-- WORK ORDER --
A verbatim copy of the listing is needed; pictures are to be left out.

RECORDED INFORMATION START

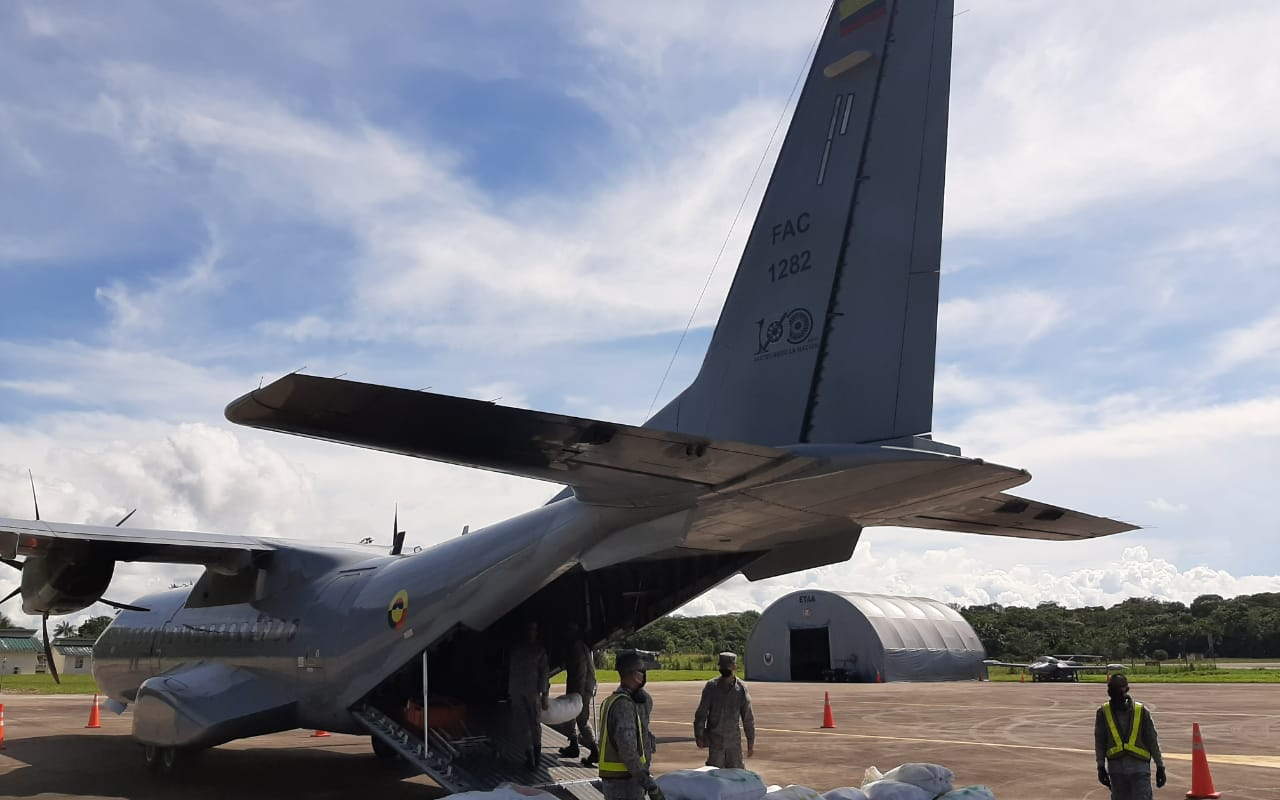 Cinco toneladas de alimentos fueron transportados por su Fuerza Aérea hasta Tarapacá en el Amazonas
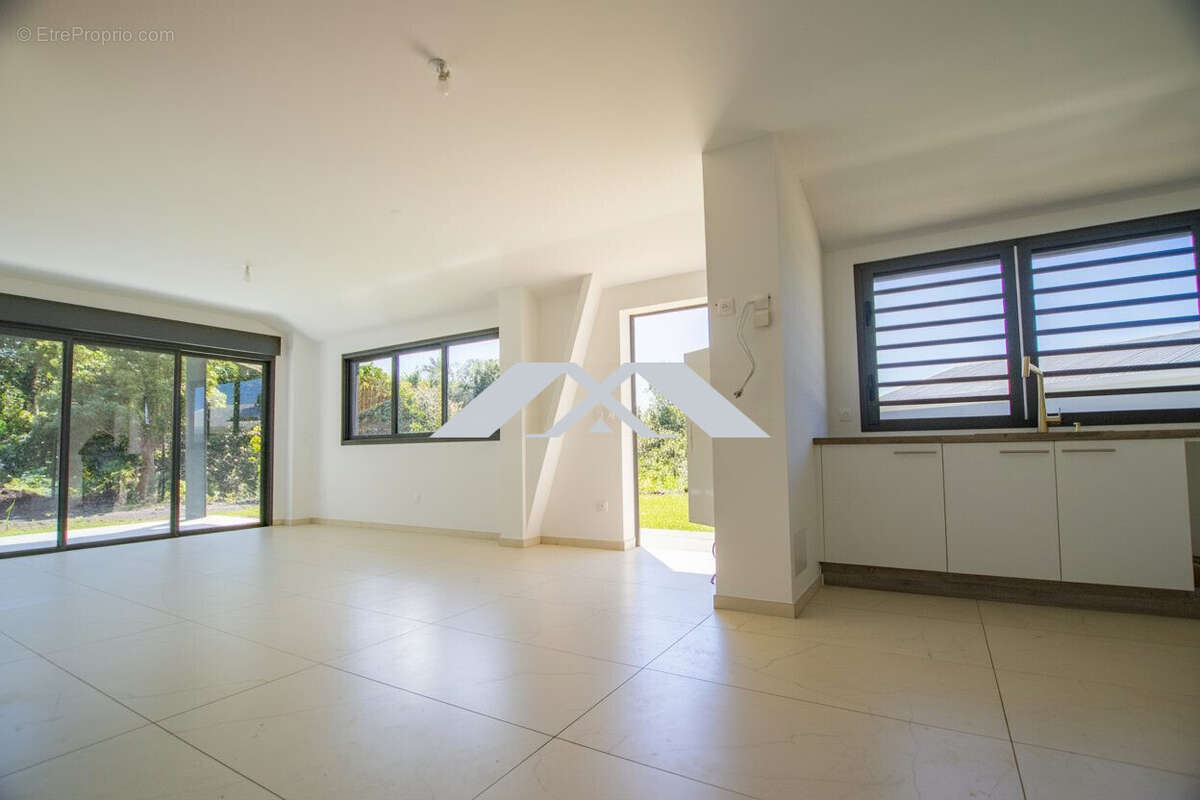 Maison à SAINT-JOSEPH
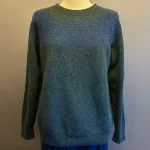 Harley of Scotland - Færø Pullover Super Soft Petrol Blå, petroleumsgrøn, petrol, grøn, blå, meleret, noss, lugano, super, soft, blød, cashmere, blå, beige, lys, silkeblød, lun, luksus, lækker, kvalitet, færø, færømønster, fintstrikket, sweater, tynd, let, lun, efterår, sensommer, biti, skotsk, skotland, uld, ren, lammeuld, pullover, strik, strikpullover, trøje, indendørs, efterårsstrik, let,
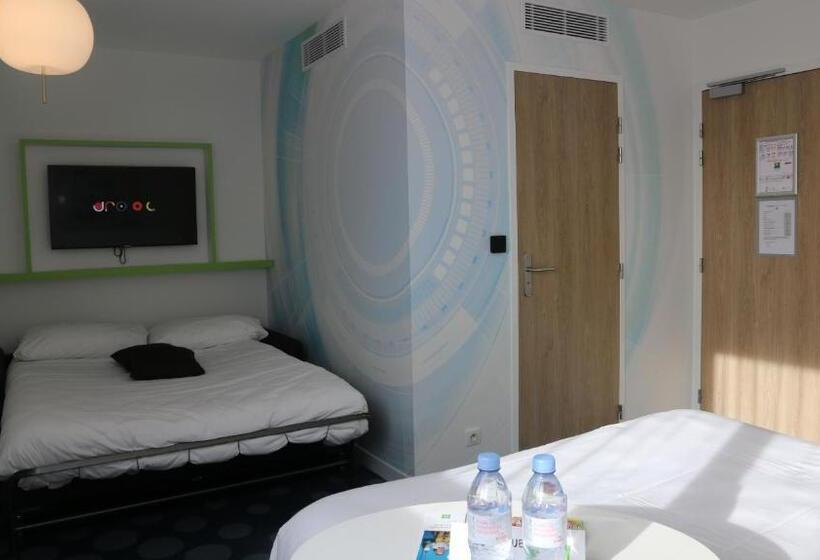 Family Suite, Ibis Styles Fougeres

RECORDED INFORMATION END

-- ANSWER SECTION --
 Cinco toneladas de alimentos fueron transportados por su Fuerza Aérea hasta Tarapacá en el Amazonas
 Maison à SAINT-JOSEPH
 Harley of Scotland - Færø Pullover Super Soft Petrol Blå, petroleumsgrøn, petrol, grøn, blå, meleret, noss, lugano, super, soft, blød, cashmere, blå, beige, lys, silkeblød, lun, luksus, lækker, kvalitet, færø, færømønster, fintstrikket, sweater, tynd, let, lun, efterår, sensommer, biti, skotsk, skotland, uld, ren, lammeuld, pullover, strik, strikpullover, trøje, indendørs, efterårsstrik, let,
 Family Suite, Ibis Styles Fougeres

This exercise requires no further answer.